WORK TASK: For this task, copy the data that follows exactly, keeping every character.

________________________

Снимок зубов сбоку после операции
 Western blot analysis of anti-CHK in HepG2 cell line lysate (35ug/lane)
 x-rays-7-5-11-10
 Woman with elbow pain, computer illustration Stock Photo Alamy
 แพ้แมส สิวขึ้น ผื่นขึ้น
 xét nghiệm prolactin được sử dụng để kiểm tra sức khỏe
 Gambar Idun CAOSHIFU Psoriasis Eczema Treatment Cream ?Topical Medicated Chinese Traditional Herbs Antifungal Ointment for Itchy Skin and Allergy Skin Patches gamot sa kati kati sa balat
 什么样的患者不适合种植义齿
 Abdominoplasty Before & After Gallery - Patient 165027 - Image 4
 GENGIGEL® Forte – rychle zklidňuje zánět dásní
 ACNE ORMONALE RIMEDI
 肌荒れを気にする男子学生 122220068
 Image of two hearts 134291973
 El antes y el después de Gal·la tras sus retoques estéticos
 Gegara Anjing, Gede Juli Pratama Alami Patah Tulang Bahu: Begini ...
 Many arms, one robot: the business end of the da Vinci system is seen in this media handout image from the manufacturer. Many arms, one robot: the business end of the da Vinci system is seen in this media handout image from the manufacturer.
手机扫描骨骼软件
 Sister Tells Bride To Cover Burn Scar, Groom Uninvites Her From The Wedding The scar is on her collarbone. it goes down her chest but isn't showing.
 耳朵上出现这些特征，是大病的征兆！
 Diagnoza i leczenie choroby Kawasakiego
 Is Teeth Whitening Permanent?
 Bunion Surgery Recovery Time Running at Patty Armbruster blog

________________________

FINISHED EXERCISE:
Снимок зубов сбоку после операции
 Western blot analysis of anti-CHK in HepG2 cell line lysate (35ug/lane)
 x-rays-7-5-11-10
 Woman with elbow pain, computer illustration Stock Photo Alamy
 แพ้แมส สิวขึ้น ผื่นขึ้น
 xét nghiệm prolactin được sử dụng để kiểm tra sức khỏe
 Gambar Idun CAOSHIFU Psoriasis Eczema Treatment Cream ?Topical Medicated Chinese Traditional Herbs Antifungal Ointment for Itchy Skin and Allergy Skin Patches gamot sa kati kati sa balat
 什么样的患者不适合种植义齿
 Abdominoplasty Before & After Gallery - Patient 165027 - Image 4
 GENGIGEL® Forte – rychle zklidňuje zánět dásní
 ACNE ORMONALE RIMEDI
 肌荒れを気にする男子学生 122220068
 Image of two hearts 134291973
 El antes y el después de Gal·la tras sus retoques estéticos
 Gegara Anjing, Gede Juli Pratama Alami Patah Tulang Bahu: Begini ...
 Many arms, one robot: the business end of the da Vinci system is seen in this media handout image from the manufacturer. Many arms, one robot: the business end of the da Vinci system is seen in this media handout image from the manufacturer.
手机扫描骨骼软件
 Sister Tells Bride To Cover Burn Scar, Groom Uninvites Her From The Wedding The scar is on her collarbone. it goes down her chest but isn't showing.
 耳朵上出现这些特征，是大病的征兆！
 Diagnoza i leczenie choroby Kawasakiego
 Is Teeth Whitening Permanent?
 Bunion Surgery Recovery Time Running at Patty Armbruster blog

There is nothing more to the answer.